When there is only limited information about variability, it is possible to use probabilistic models by making suitable assumptions on the statistics of the variability. However, it has been repeatedly shown that this can entail serious errors. Fuzzy set models, which require little data, appear to be well suited to use with designing for uncertainty, when little is known about the uncertainty. Several studies have compared fuzzy set and probabilistic methods in analysis of safety of systems under uncertainty. However, no study has compared the two approaches systematically as a function of the amount of available information. Such a comparison, in the context of design against failure, is the objective of this dissertation.

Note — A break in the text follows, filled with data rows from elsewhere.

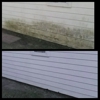 Rabun Pressure Washing gallery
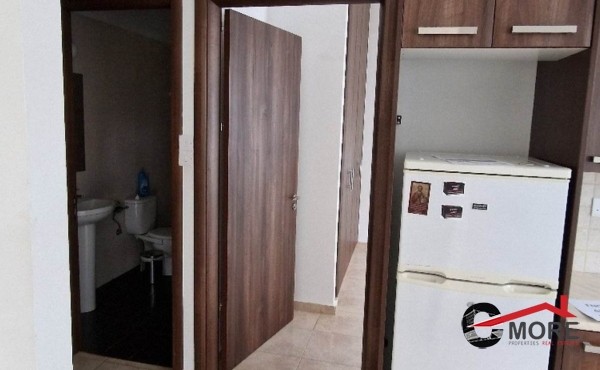 324776770_917135629315447_39846082320004870_n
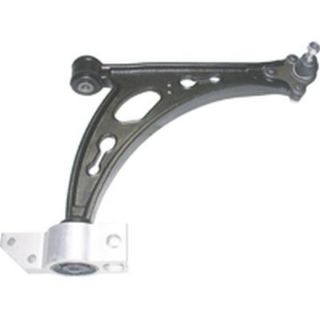 ALT SALINCAK KOMPLE SAĞ GOLF V 03 -TOURAN 03 -CADDY 04 resmi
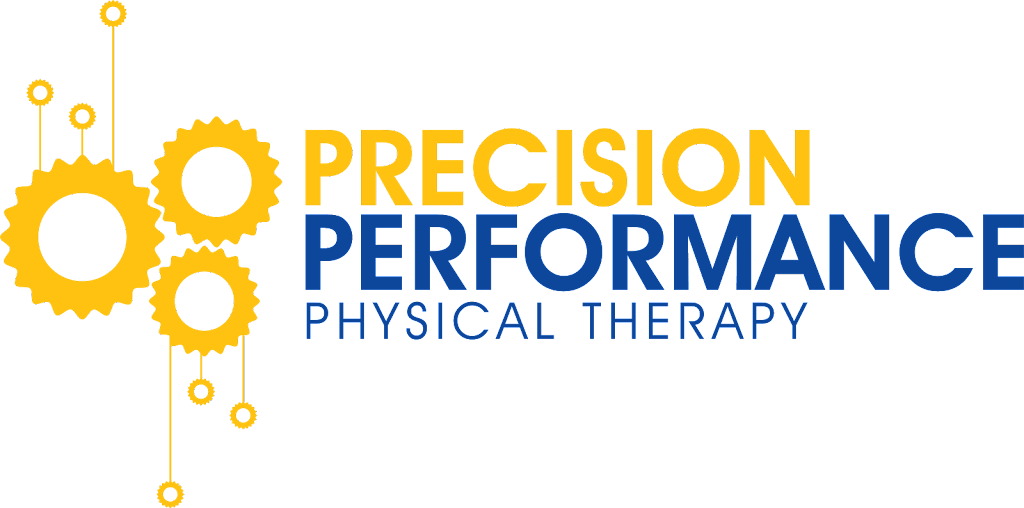 Precision Performance Physical Therapy - Malvern | Inside Everfit Gym, 17 Ravine Rd, Malvern, PA 19355, USA | Phone: (484) 800-8186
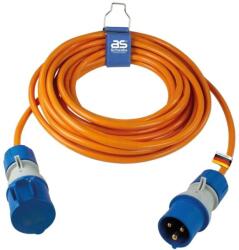 as - Schwabe 1 Plug 10 m (62432)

First, the theoretical foundations of probability and possibility theories are compared. We show that a major difference between probability and possibility is in the axioms about the union of events. Because of this difference, probability and possibility calculi are fundamentally different and one cannot simulate possibility calculus using probabilistic models. We also show that possibility-based methods tend to be more conservative than probability-based methods in systems that fail only if many unfavorable events occur simultaneously.

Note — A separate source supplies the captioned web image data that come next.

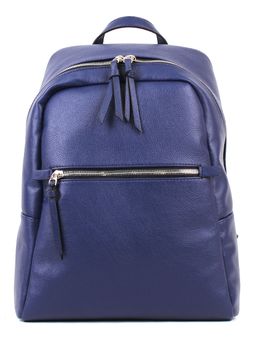 Рюкзак женский 1773371840139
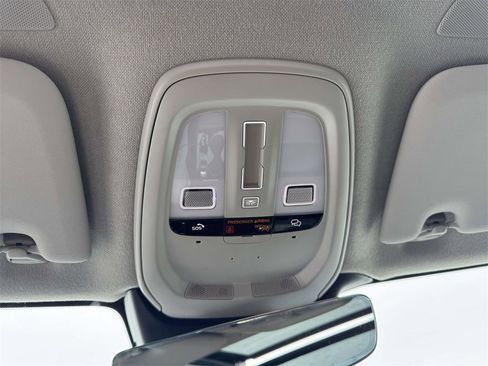 Certified 2023 Volvo XC40 B5 Plus w/ Driver Assist Package image 30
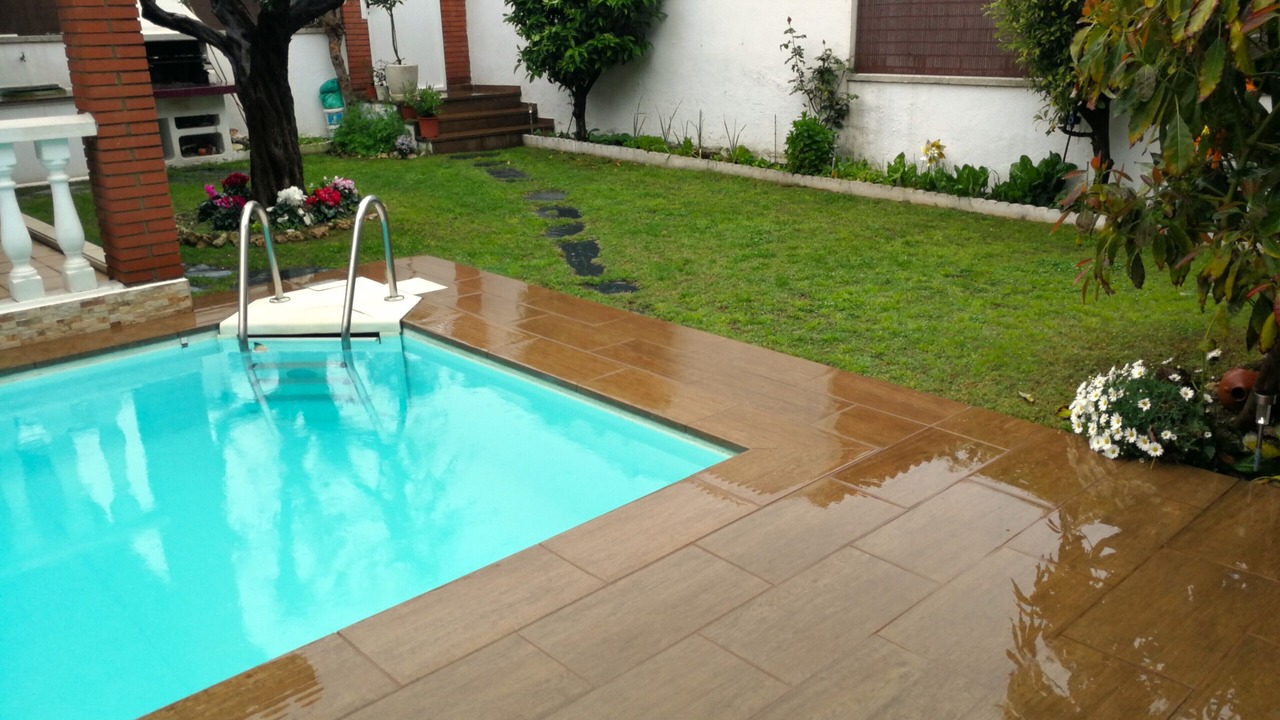 Photo of Outdoor in Sant Vicenc de Montalt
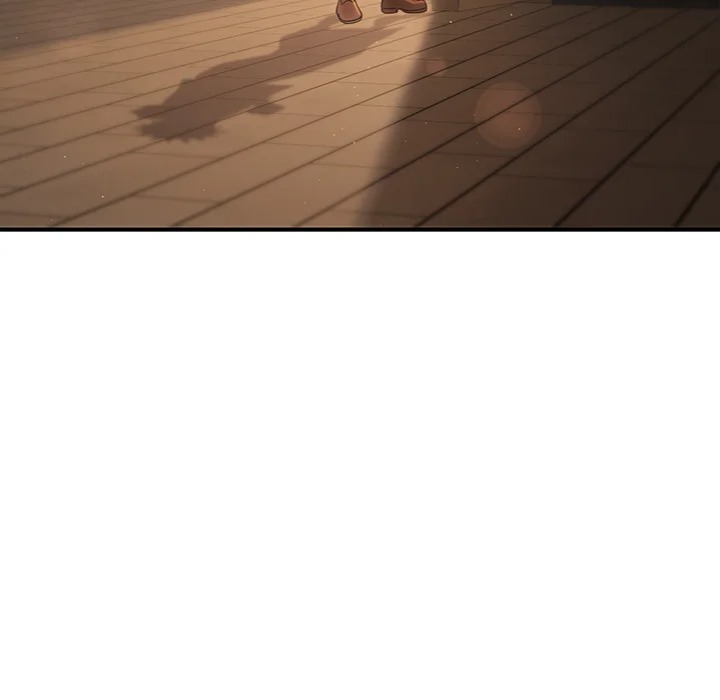 XX Dungeon Chapter 10 - Page 71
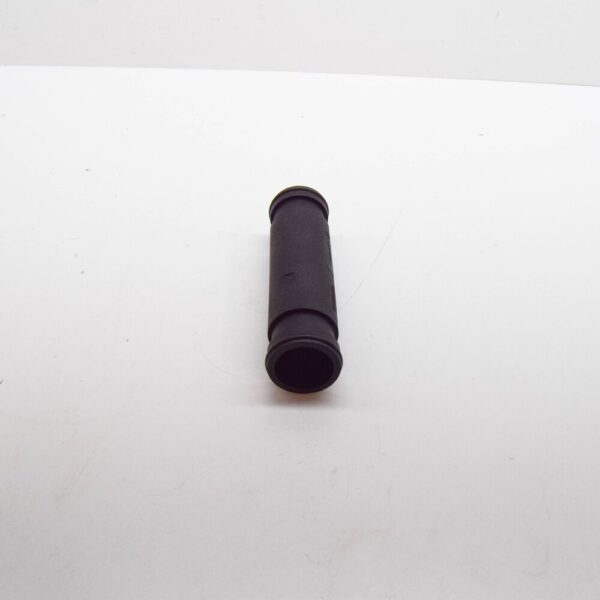 PEP101970L - LAND ROVER FREELANDER L314 Engine Coolant Pipe Hose PEP101970L NEW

Based on these theoretical observations, two design problems are formulated to demonstrate the strength and weakness of probabilistic and fuzzy set methods. We consider the design of tuned damper system and the design and construction of domino stacks. These problems contain narrow failure zones in their uncertain variables and are tailored to demonstrate the pitfalls of probabilistic methods when little information is available for uncertain variables.
Using these design problems we demonstrate that probabilistic methods are better than possibility-based methods if sufficient information is available. Just as importantly, we show possibility-based methods can be better if little information is available. Our conclusion is that when there is little information available about uncertainties, a hybrid method should be used to ensure a safe design.